The endless hyperventilating on Modi on English news channels does not even begin to reflect his current stand as 2014 draws closer. The more prolonged the panel discussion, the less you learn about the minutiae of his sales pitch.
Between his speeches and tweets, there are four streams to the Modi pitch.
One, there has been no other politician in recent memory who has been so clear that he does not need the media to reach the people with an election approaching.

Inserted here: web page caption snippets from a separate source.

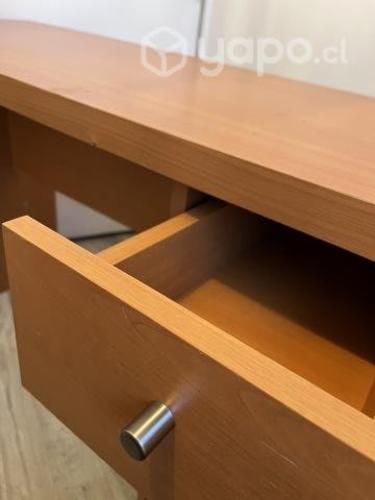 Escritorio en buen estado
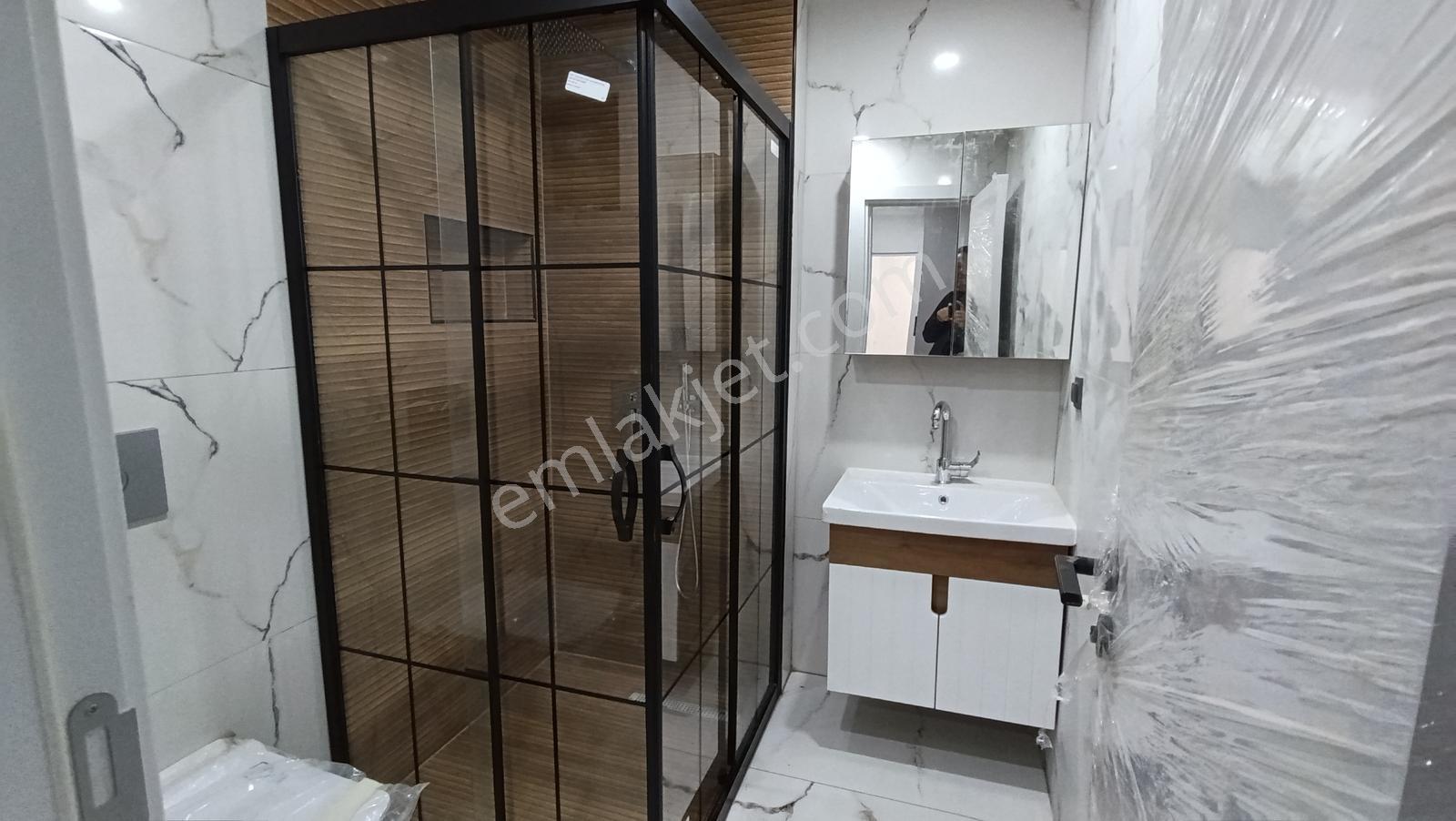 Arakat Da Çamlıbelde Tranvay Durğna 100m 2+1 Açık Mutfak — fotoğraf 12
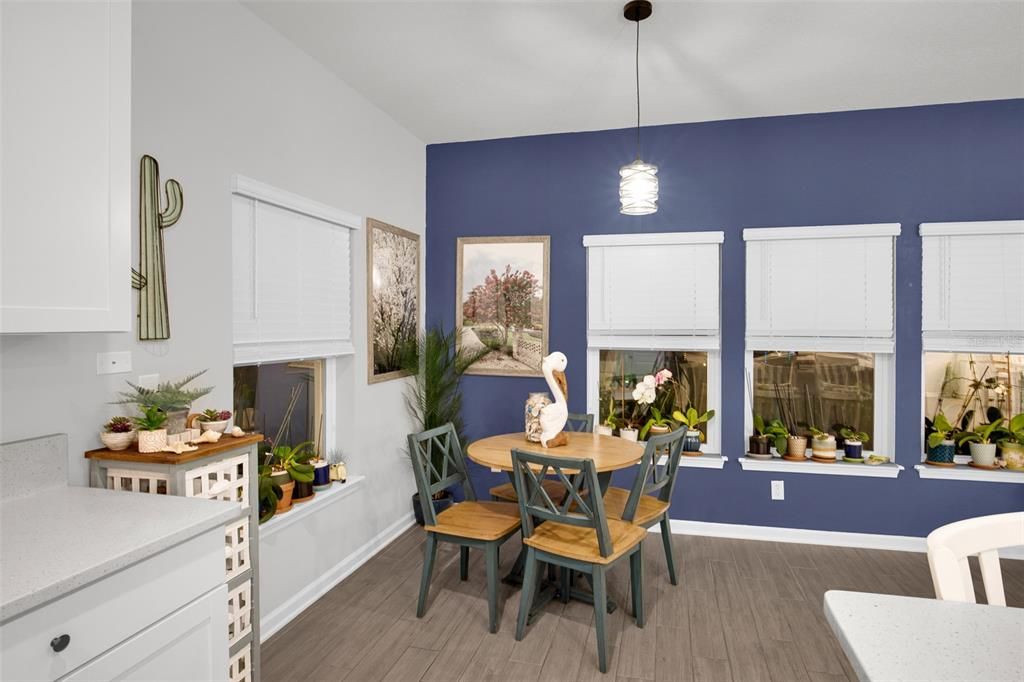 For Sale: $459,900 (3 beds, 2 baths, 2498 Square Feet)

Not a single speech is made without a jibe at the English language media. “Normally I stay away from English papers and channels. (It is) Not my responsibility to run their channels,” he said.
Then there are the barbs, such as the one delivered while making a typical Modi point about what the Planning Commission gives for tigers versus the budget for saving the lion (only found in Gujarat): “Rs.200 crore for saving the tiger—whether NDTV runs on that I do not know.” (The taunt is directed at the Save the Tiger campaign on NDTV.)
And finally, there are the terse encounters he has had with anchors like Karan Thapar and Arnab Goswami that have been much publicised—his acolytes never fail to put up the clips on YouTube. When anchors persist with pushing him in a way he doesn’t like, he gets nasty. As he told Rajdeep Sardesai of CNN IBN: “If you abuse Modi you will get a Rajya Sabha seat or a Padma Shree or a Padma Bhushan.” At the same time he goes to conclaves organized by media houses and regales stellar audiences there.
Two, on campuses and in different forums in other states, he strives to connect, shedding arrogance for persuasiveness. His comfort zones are Gujarat and Hindu culture, but he uses connections that he thinks will work. While in Odisha he tweets that the state and Gujarat are the only two that passionately share rath yatra celebrations.
In Tamil Nadu during Pongal celebrations, he greets his audience in Tamil. And whereas he usually insists on talking in Hindi to the swishest of Indian audiences or even an international one, he took the trouble to make an entire speech in reasonably fluent English in Chennai.
In Bengal he tells Bengalis how important they are. And in Hyderabad he asks: “If 4 lakh Telugus in my state can live in harmony with us, why can’t Telengana walas and Andhra walas do the same?”
If his pitch is to turn relentlessly political, however, some of the Modi USP will be lost. What works with his campus audiences is the energy of his promise: endless stories about videoconferencing villagers, farmers with soil health cards, state electricity boards pulled out of debt, the repeated emphasis on the youth dividend India can reap as a country, and the new universities he has thought of which nobody else in the world has!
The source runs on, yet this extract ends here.